What is this fuzzy white stuff on my driftwood? Everytime i scrub it clean, it comes back. It seems like it's on all of the driftwoods. AAHHHHHHHhhhhhh!!!
Doesn't look like BBA.
How do I kill it and any idea why it grew on the driftwood?
Thanks!


----------



## fisherman (Apr 22, 2010)

the nerite snails havnt touched it?? maybe try placing the snails over the mold if u can.. even if the nerites did eat it they would probably get pretty full fast lol.. thats alot of mold or whatever it is..


----------



## er201 (Apr 21, 2010)

Thats just your driftwood decaying I think, I used to get them and whenever I took the DW out of the water it dries out and turns out to be mold.


----------



## CRS Fan (Apr 21, 2010)

It is a mould type growth that grows on excess carbohydrates that leach from DW. BNP's and Ottos will eat it, or you can keep scrubbing it off until the nutrient source depletes itself and the growth stops.

Best Regards,

Stuart


----------



## arash53 (Aug 13, 2011)

+1 ^ , I had some of these on my wood, but when I bought otos they eat all of them in day one.


----------



## bamboo (Apr 28, 2010)

fisherman said:


> the nerite snails havnt touched it?? maybe try placing the snails over the mold if u can.. even if the nerites did eat it they would probably get pretty full fast lol.. thats alot of mold or whatever it is..

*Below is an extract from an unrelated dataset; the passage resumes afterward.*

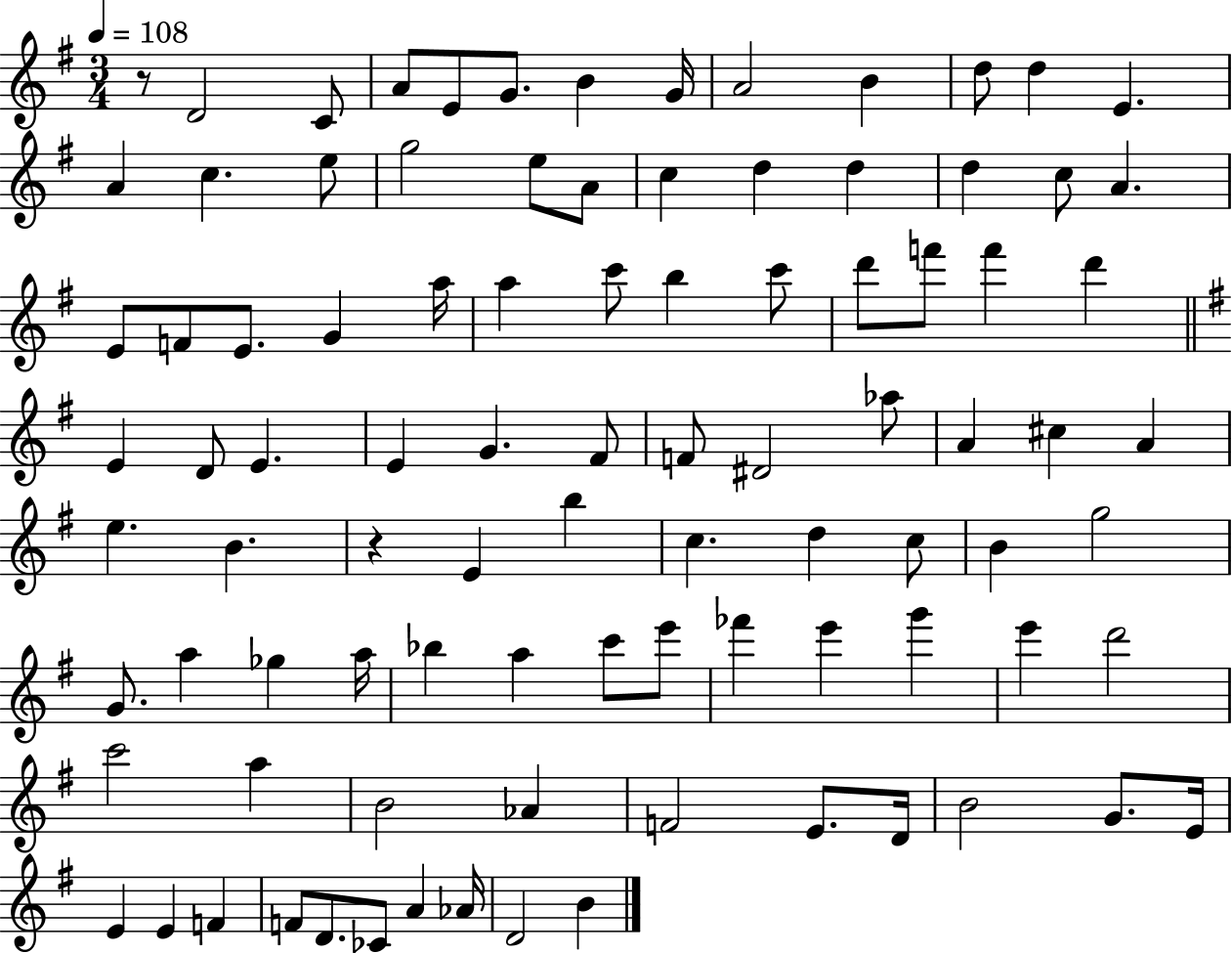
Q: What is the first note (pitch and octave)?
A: D4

When I got the nerites, I placed all 3 onto the fluff but they went into hiding right away.


----------



## bamboo (Apr 28, 2010)

er201, Stuart, arash53
Thanks for the input!
I have 2 long fin albino BNP and 2 albino BNP in there. Will put another 2 BNP and see if they will conquer the mould. If not then I will get a bunch of ottos. 
Thanks again everyone for your knowledge.


----------



## er201 (Apr 21, 2010)

If it doesn't work just wipe it off, or boil the driftwood. Mine stopped after a boil and few days of wiping it off


----------



## mitchb (Apr 27, 2011)

Great to know I am not the only one. i get that on new driftwood, have taken it out and scrubbed it down the past 4 wc's and still comes back.


----------



## er201 (Apr 21, 2010)

mitchb said:


> Great to know I am not the only one. i get that on new driftwood, have taken it out and scrubbed it down the past 4 wc's and still comes back.


Have you tried boiling it?


----------



## mitchb (Apr 27, 2011)

No I haven't The pieces are really long and awkward shaped that don't really fit into pots.

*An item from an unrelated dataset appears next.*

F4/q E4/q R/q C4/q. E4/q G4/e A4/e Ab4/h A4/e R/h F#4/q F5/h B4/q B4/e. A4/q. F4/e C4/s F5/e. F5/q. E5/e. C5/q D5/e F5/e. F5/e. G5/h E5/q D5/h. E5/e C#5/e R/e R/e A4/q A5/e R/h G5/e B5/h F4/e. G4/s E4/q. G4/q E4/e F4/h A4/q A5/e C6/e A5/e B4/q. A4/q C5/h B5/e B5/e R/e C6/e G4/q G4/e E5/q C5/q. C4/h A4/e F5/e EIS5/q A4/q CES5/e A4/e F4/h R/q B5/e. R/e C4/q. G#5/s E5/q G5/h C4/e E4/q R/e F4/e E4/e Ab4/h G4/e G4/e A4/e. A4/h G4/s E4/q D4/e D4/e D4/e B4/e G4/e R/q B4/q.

I was debating using one of my fish transferring bins and just filling it with boiling water to let it soak. It is really a nasty site on my usually clean dw.


----------



## er201 (Apr 21, 2010)

mitchb said:


> No I haven't The pieces are really long and awkward shaped that don't really fit into pots.
> 
> I was debating using one of my fish transferring bins and just filling it with boiling water to let it soak. It is really a nasty site on my usually clean dw.


That works too, give it a try


----------



## bamboo (Apr 28, 2010)

I've scrubbed it all down now. Let's see if it comes back.


----------